Gioacchino La Barbera

Gioacchino La Barbera nasce ad Altofonte, in provincia di Palermo il 23 novembre del 1959, quindi ha 63 anni. Si pente nel 1994 e diviene uno dei testimoni chiave nel processo contro gli assassini di Giovanni Falcone. Secondo gli inquirenti, è colui che ha dato materialmente il segnale per fare partire l’attentato della Strage di Capaci.

Per la sua partecipazione alla strage, riceve una pena di 14 anni di reclusione. In seguito al suo pentimento, il padre Girolamo La Barbera (detto “Zu Mommo” viene ucciso).

Strage di Capaci

Secondo quanto emerso dalle indagini, il pomeriggio del 23 maggio del 1992 Gioacchino La Barbera doveva dare il segnale agli assassini di Falcone, appostati su un’altura sovrastante l’autostrada A29. Li avrebbe chiamati una volta avvistato il corteo delle tre auto blindate, cioè una Croma bianca col magistrato a bordo, poi due di scorta.

Rimane al telefono per 325 secondi, quasi sei minuti, quindi arrivato al bivio per Partinico, chiude la comunicazione. Il piano prevede che, non appena l’auto del giudice sia giunta all’altezza di un vecchio elettrodomestico abbandonato sul ciglio della strada, dalla collina qualcuno premesse il pulsante del radiocomando.

Alle 17,56 e 48 secondi, avviene l’esplosione che costa la vita a Falcone, la moglie e tre agenti di scorta. Gioacchino La Barbera racconterà poi di aver visto un’enorme nuvola di fumo alzarsi nel cielo e prendere la forma di un fungo “come quello della bomba atomica“. Per lui scatta l’arresto dieci mesi dopo, la sua voce è incisa su un nastro e inchioda lui e gli altri responsabili.

“Ddocu… a Capaci… unni ci fici l’attentatuni”, racconta a un amico, mentre una microspia della Dia registra le conversazioni. Diviene poi un collaboratore di giustizia, raccontando i dettagli della strage e di altri delitti di Cosa nostra. “Io ero impressionato dalla determinazione che avevo sentito nei discorsi di Leoluca Bagarella e degli altri”.

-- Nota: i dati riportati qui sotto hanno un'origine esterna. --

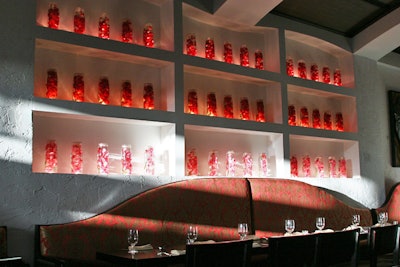 Mamajuana Cafe's signature orchid wall lines the main dining room.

Ricevuto l’incarico domandai: ”Ma se accanto alla macchina del giudice c’è un pullman di gente qualunque, oppure un’autobotte carica di benzina, che faccio? Rinviamo, no?”. ”Neanche per sogno”, mi risposero, ”tu avvertici quando vedi la Croma bianca, al resto pensiamo noi””, racconta al Corriere della Sera.

Quindi spiega anche: “La macchina di Giovanni Falcone andava più piano del previsto. Avevamo fatto le prove a una velocità di 160 chilometri all’ora, invece quelli andavano a 80, 90 all’ora. Io procedevo parallelo a loro, sulla mia Lancia Delta, lungo la strada che costeggia la Palermo-Punta Raisi, e parlavo al telefonino con quelli che stavano sulla collina di Capaci. Parlavo lentamente per far capire loro che l’andatura di Falcone era più bassa dei nostri calcoli, e dentro di me pensavo: ”Questo si salva… si salva””.

E, ancora: “Pensavo che Falcone si sarebbe salvato. Infatti le prime notizie che sentii alla radio dicevano che era solo ferito, che la dottoressa Morvillo riusciva addirittura a parlare. Invece più tardi seppi che era morto“.